Burası neresi? Kaymaklı Yeraltı Şehri, Derinkuyu ile birlikte Kapadokya’nın en önemli tarihi yerleri arasında bulunmaktadır. Nevşehir’e 20 km mesafede bulunmaktadır. 8 katlı olduğu belirtilen yeraltı şehrinin şu anda 4 katı ziyaret edilebilmektedir.
Yeraltı şehrinin içinde kilise, ahır, mezarlık, kiler, mutfak, oturma alanları gibi insanların ihtiyaç duyabileceği her türlü bölüm bulunmaktadır. Oldukça detaylı bir şekilde planlanmış havalandırma sistemi ise alt katlarda bile herhangi bir havasızlık yaşanmamasını sağlamaktadır.

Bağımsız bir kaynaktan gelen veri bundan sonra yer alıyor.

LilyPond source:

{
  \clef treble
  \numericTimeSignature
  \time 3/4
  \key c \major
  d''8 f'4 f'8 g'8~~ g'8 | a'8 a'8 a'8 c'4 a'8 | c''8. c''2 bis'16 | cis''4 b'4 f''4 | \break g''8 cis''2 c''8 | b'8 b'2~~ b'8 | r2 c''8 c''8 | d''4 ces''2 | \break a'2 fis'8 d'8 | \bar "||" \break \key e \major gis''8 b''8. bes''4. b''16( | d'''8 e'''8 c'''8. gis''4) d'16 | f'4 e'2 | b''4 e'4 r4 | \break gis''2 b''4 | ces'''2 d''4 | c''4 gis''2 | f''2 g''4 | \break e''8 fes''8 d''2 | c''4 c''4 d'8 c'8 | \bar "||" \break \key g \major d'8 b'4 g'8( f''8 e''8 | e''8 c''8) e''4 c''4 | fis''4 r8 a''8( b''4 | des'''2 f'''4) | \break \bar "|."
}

Neden gitmeliyim? Girişte kırmızı oklar, çıkışta ise mavi okları takip ederek kolay bir şekilde bu etkileyici yeraltı şehrini ziyaret edebilirsiniz.

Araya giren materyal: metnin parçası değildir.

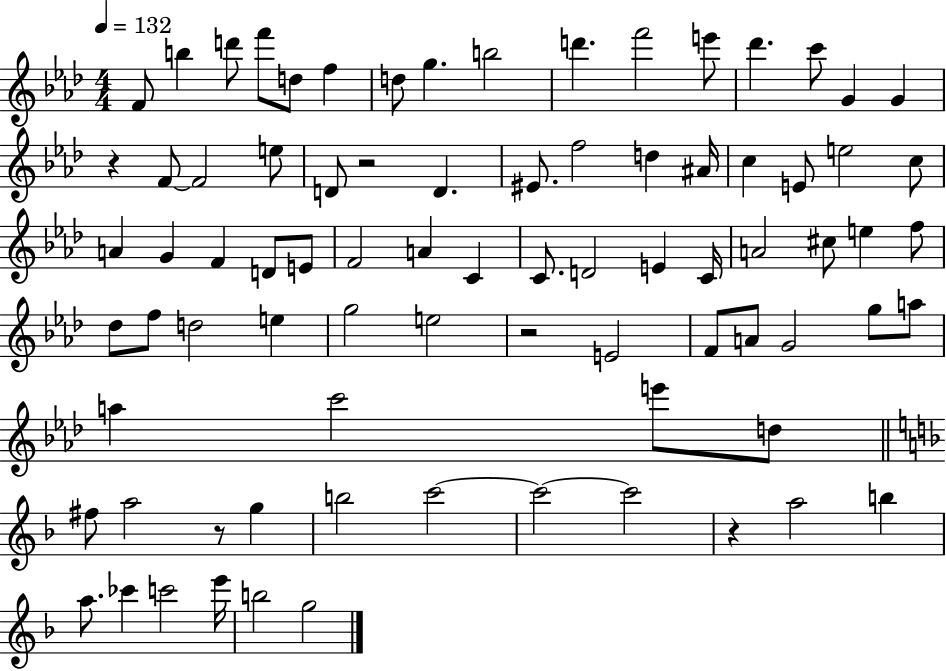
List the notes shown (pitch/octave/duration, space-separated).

F4/e B5/q D6/e F6/e D5/e F5/q D5/e G5/q. B5/h D6/q. F6/h E6/e Db6/q. C6/e G4/q G4/q R/q F4/e F4/h E5/e D4/e R/h D4/q. EIS4/e. F5/h D5/q A#4/s C5/q E4/e E5/h C5/e A4/q G4/q F4/q D4/e E4/e F4/h A4/q C4/q C4/e. D4/h E4/q C4/s A4/h C#5/e E5/q F5/e Db5/e F5/e D5/h E5/q G5/h E5/h R/h E4/h F4/e A4/e G4/h G5/e A5/e A5/q C6/h E6/e D5/e F#5/e A5/h R/e G5/q B5/h C6/h C6/h C6/h R/q A5/h B5/q A5/e. CES6/q C6/h E6/s B5/h G5/h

Burası neresi? Acıgöl ilçesine 10 km mesafede yer alan Tatlarin Yeralti Şehri de Kapadokya’da görülmesi gereken tarihi yerler arasında bulunuyor. Şehrin şu anda 2 katı ziyarete açık. Diğer şehirlere göre daha fazla kiliseye sahip olması nedeniyle bu şehrin, manastır olarak kullanıldığı tahmin edilmektedir. Şehrin farklı bir tuvalet yapısına sahip olması nedeniyle de dikkat çekmektedir.
Burası neresi? Bizans döneminden kalma şehirlerden biri olan Güzelyurt Yeraltı Şehri, Manastır Vadisi girişinde bulunuyor. Yeraltı şehrinin girişinde hayvanlar için bir ahır bulunmaktadır. Bu bölgeden üst kısma da geçiş bulunmasına karşın su akıntısından dolayı buradan ilerlemek pek mümkün olmamaktadır. Ufak bir kısmı ziyaret edilebilen Güzelyurt, diğer yeraltı şehirlerinin gölgesinde kalmış olsa da bizce görülmesi gereken güzel bölgelerden biri.

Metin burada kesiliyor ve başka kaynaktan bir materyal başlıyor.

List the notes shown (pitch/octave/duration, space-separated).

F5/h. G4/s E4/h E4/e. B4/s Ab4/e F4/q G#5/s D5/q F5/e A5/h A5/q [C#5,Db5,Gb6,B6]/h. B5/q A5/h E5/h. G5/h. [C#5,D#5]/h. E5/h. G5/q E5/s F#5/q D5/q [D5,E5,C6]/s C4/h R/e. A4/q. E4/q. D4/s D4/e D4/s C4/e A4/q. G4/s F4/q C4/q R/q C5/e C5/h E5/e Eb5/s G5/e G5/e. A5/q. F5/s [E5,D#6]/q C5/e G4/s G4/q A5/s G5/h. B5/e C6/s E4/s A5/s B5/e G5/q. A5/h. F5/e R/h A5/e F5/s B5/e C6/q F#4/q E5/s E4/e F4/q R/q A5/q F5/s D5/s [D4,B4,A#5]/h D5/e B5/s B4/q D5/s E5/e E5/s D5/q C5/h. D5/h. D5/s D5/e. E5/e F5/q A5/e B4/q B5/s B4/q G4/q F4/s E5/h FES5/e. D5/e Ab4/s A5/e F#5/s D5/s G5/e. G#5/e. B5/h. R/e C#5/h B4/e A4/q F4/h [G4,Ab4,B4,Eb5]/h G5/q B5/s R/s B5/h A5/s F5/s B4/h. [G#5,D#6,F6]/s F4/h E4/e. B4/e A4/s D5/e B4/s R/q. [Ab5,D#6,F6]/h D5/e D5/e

Burası neresi? Peribacaları denince akla ilk Ortahisar Kalesi gelmektedir. Burası bölgenin en büyük peribacası oluşumlarından biri olması nedeniyle oldukça dikkat çekici bir noktadır. Kale, 1200 metrelik bir rakımda bulunuyor ve yüksekliği 86 metredir. Kale etrafında 11. yüzyılda Horasan’dan göç eden Türkmenlerin evler yapmasıyla yerleşim başlamıştır. Kale, bölgeye hakim bir konumda olması nedeniyle savunma amacıyla da değerlendirilmiştir.
Frig, Lidya ve Persler gibi medeniyetlerin de varlık sürdüğü kalenin geçmişi MÖ 1500’lü yıllarda Hititlerin bölgeye hakim olmasına kadar uzanmaktadır. Bizans, Osmanlı gibi devletler döneminde de kale, korunma ve savunma amaçlı kullanılmıştır.
Neden gitmeliyim? Burası Ürgüp, Avanos ve Göreme’yi kuşbakışı seyre dalabileceğiniz en güzel seyir teraslarından biridir ve bölgedeki en büyük peribacalarından biri olması, Kapadokya’nın tarihi yerleri arasında önemli bir noktada olmasını sağlamaktadır. Turizm açısından değerlendirilmeye başlanan ilk yer olması da burasını önemli kılmaktadır.
Burası neresi? Bölgenin en yüksek ve en eski yerleşim noktalarından biri olması nedeniyle burası, “Kapadokya’nın Çatısı” olarak adlandırılmaktadır. Kale, Nevşehir’in şehir merkezine 5 km mesafede bulunmaktadır. Kale içinde bazı antik yerleşim yerleri restore edilerek butik pansiyon olarak hizmet vermektedir.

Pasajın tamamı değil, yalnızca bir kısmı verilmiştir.